月が替わって救世主がやってきた――。今季からソフトバンクに加入したニック・マルティネス投手(30)が、1日のオリックス戦(京セラドーム)に初登板初先発。最速156キロの真っすぐに制球良く変化球を織り交ぜて、6回5安打無失点の快投で初勝利を飾った。

 打線が初回先頭から5連打を浴びせ4得点すると、松田、柳田、周東に中押し、ダメ押しの効果的な一発も重なって強力援護。先発全員17安打の猛攻で今季最多13得点を叩き出すと、投手陣も完封リレーで応えた。前夜、逆転サヨナラ負けを喫した王者が胸のスカッとする大勝。常勝軍団らしく、一日でムードを好転させた。

 工藤監督のえびす顔と弾んだ声が印象的だった。「初回の4点もそうだが、3回の松田の(3ラン)ホームランが今日のマルティネスの調子を考えれば大きかった」。序盤の効果的な攻撃が新戦力の快投を生んだ。
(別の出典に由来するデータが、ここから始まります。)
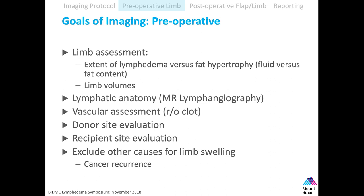When assessing the limb preoperatively, we look at the extent of fluid versus fat — lymphedema versus fat hypertrophy — and I'll show how we calculate limb volumes. We also look at vessels; that's why we give contrast. Not infrequently, we see occult thrombus. Patients who've had axillary lymph node dissection have scarring in the axilla, which leads to vessel scarring, narrowed vessels, slow blood flow, and clots. We also look at donor sites, recipient sites, and other causes of limb swelling — occasionally we've found unknown cancer recurrences causing the swelling.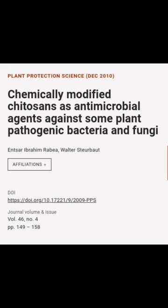This article is titled "Chemically Modified Chitosans as Antimicrobial Agents Against Some Plant Pathogenic Bacteria and Fungi" and was authored by Ensar Ibrahim Rabia and Walter Sterbot.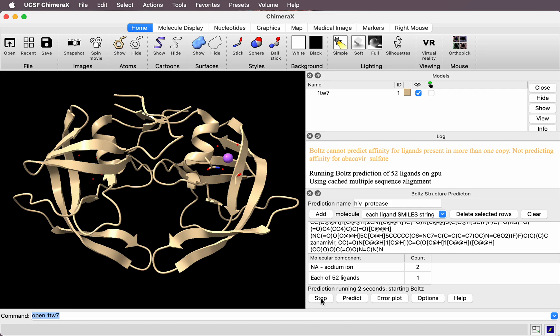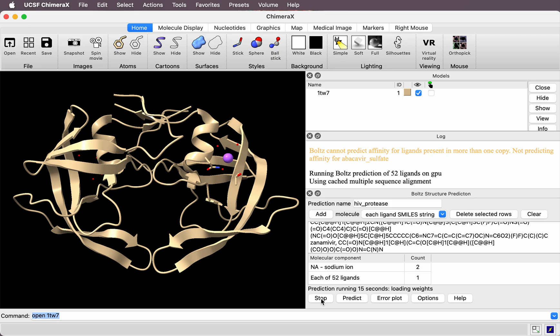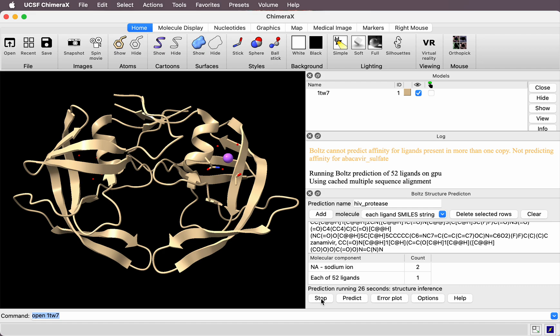These predictions are going to be run one at a time. It's not going to use the structure I've opened—it's only using the sequence. It will predict the full protein structure, which will come out quite similar to this experimental structure. It will take about two hours on this Mac M2 Ultra. On a Linux system with NVIDIA 4090, it took 14 minutes to predict all 52.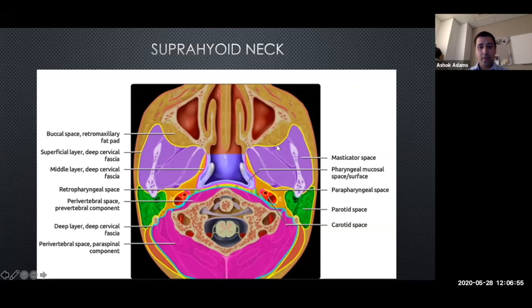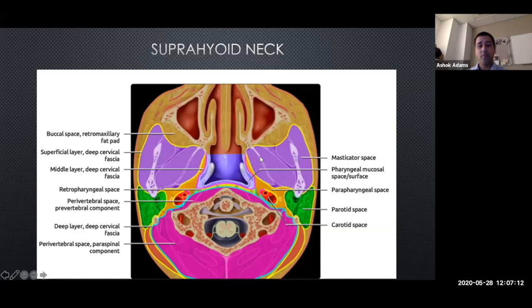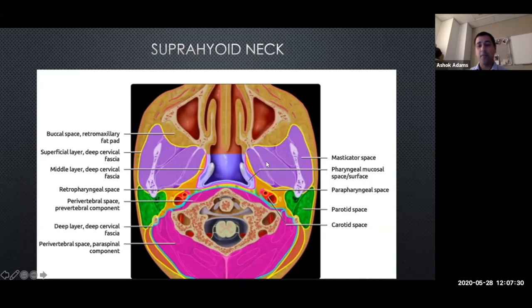Coming out laterally, the purple area - contribution from the superficial layers of cervical fascia - is the masticator space. It does what it says on the tin: all the muscles of mastication - masseter, temporalis, medial and lateral pterygoids. It has a large surface area connection with the skull base. Importantly, the V3 division of the trigeminal nerve freely communicates with it, so tumors can get perineural spread via V3 through the foramen ovale into the intracranial compartment.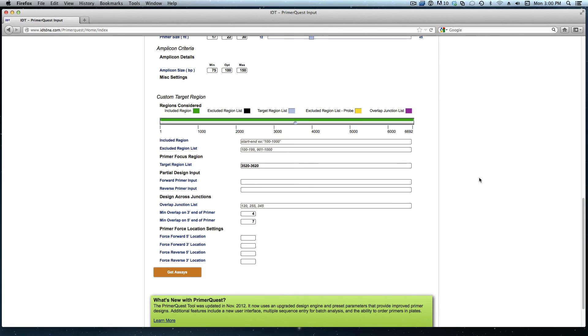I don't need to change any of the other design parameters so at this point I'll click get assays.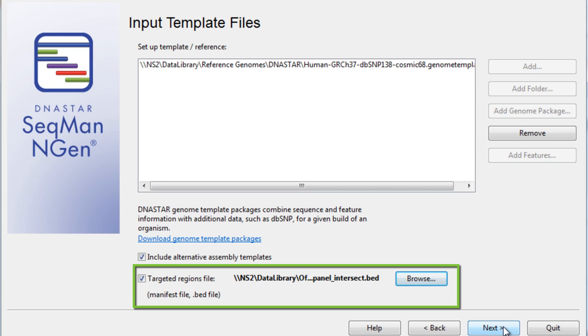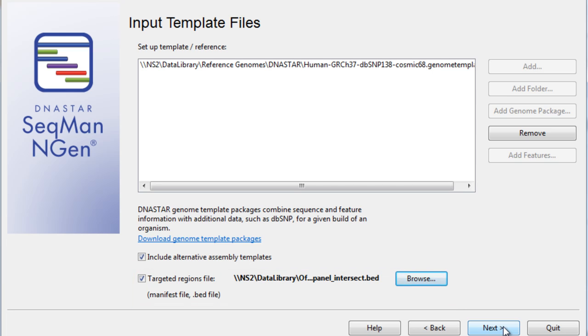For this validation control workflow, I'll use an intersected bed file, which was constructed using both the Genome in a Bottle high-quality region bed file and our specific target region bed file.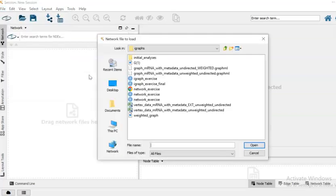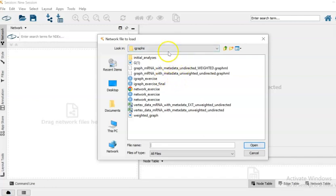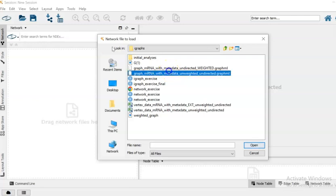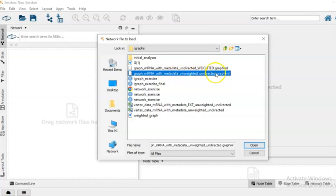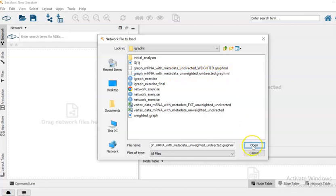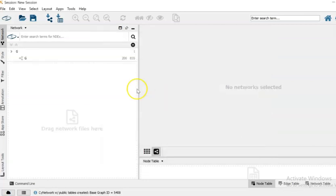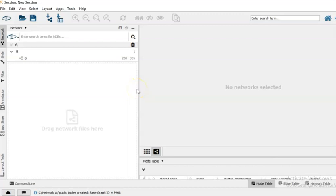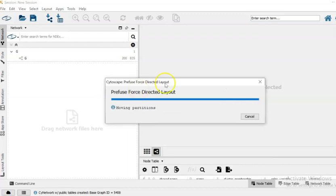That should open our iGraphs folder or you should have to navigate to it, and then the file that we're going to open is called graph mrna with metadata unweighted undirected graph ml. We open it.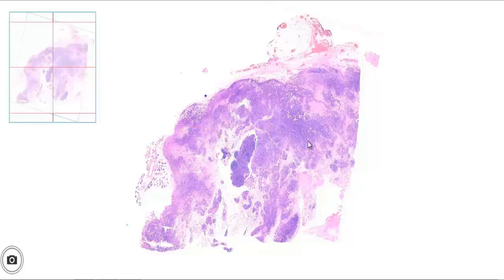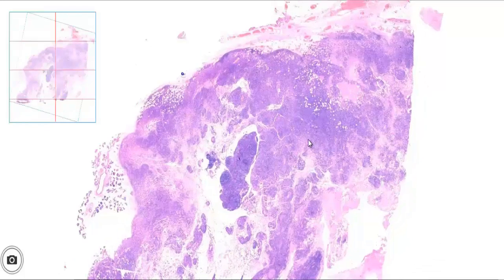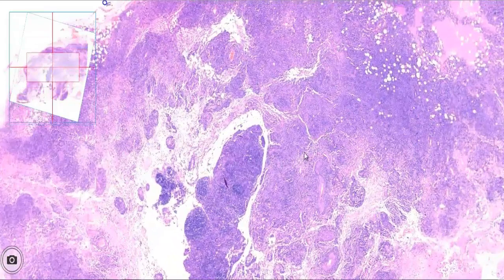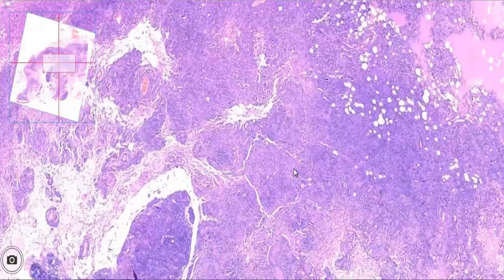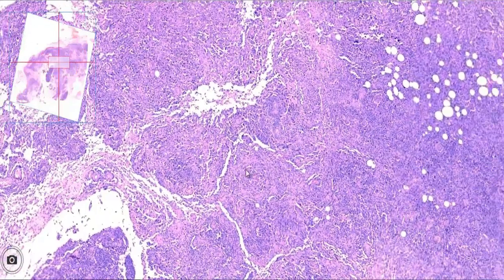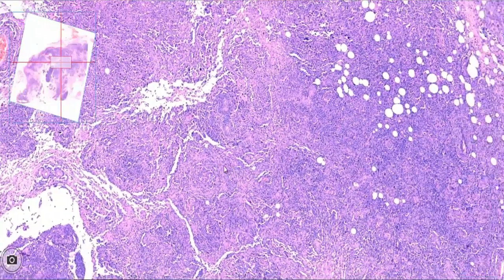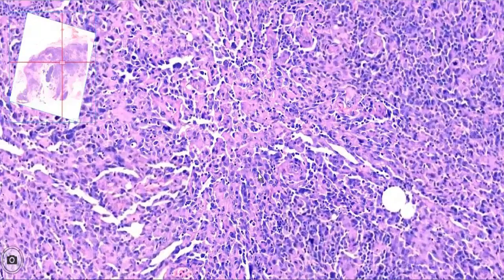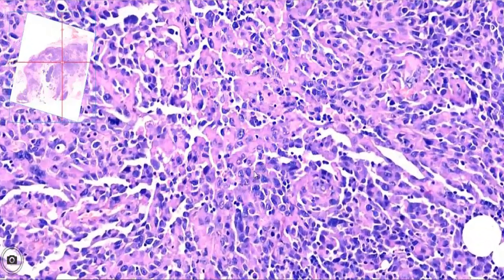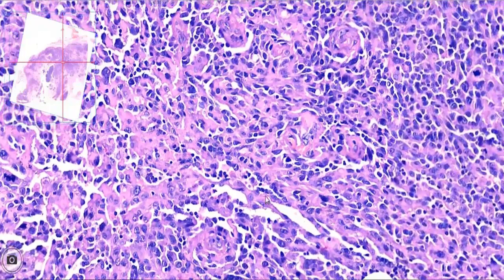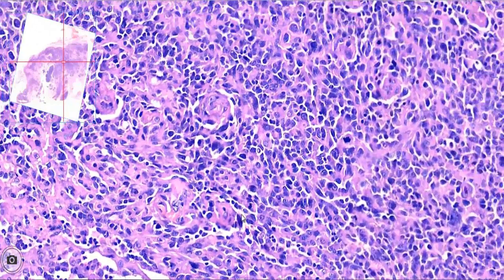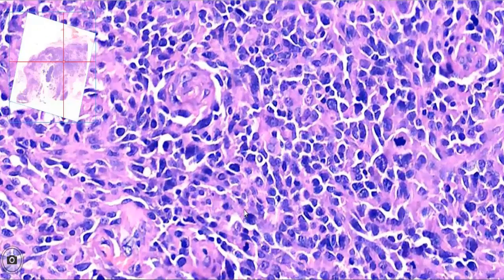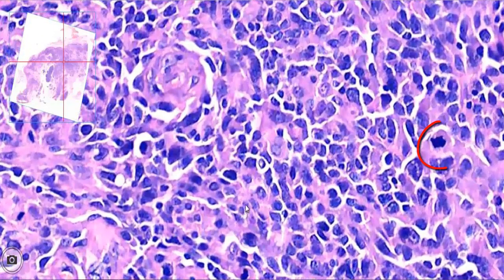On zooming in on the solid area, we see that the tumor is made up of round malignant cells which possess abundant pink cytoplasm and are arranged in sheets. Mitotic activity is highly increased and prominent nucleoli are present in the nuclei. Here we see a mitotic figure and here we can see prominent nucleoli in the cells.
 制球に苦しむタイプではない助っ人右腕は「楽しみにしていた」という正妻・甲斐の好リードにも導かれ充実の98球。「甲斐がいいリードをしてくれて、頼もしかった」。相棒をたたえるあたりが紳士的だった。

 前夜は守護神・森を欠く中で、代役を務めた岩崎が打たれサヨナラ負け。盤石のリリーフ陣が崩れた心理的ダメージは大きかった。開幕から先発陣が波に乗れず、投手陣が〝四球禍〟で自滅。投手王国の自信が揺らぐ事態が重なり、チームに影を落としていた。そんな状況で鷹デビューを飾ったマルティネスが、無駄のない投球で応えた意味は大きい。

「本当にナイスピッチングだった。頼りになる選手がまた出てきてくれてうれしい」。工藤監督の安堵するような喜びの声が、この日の1勝の価値を物語っていた。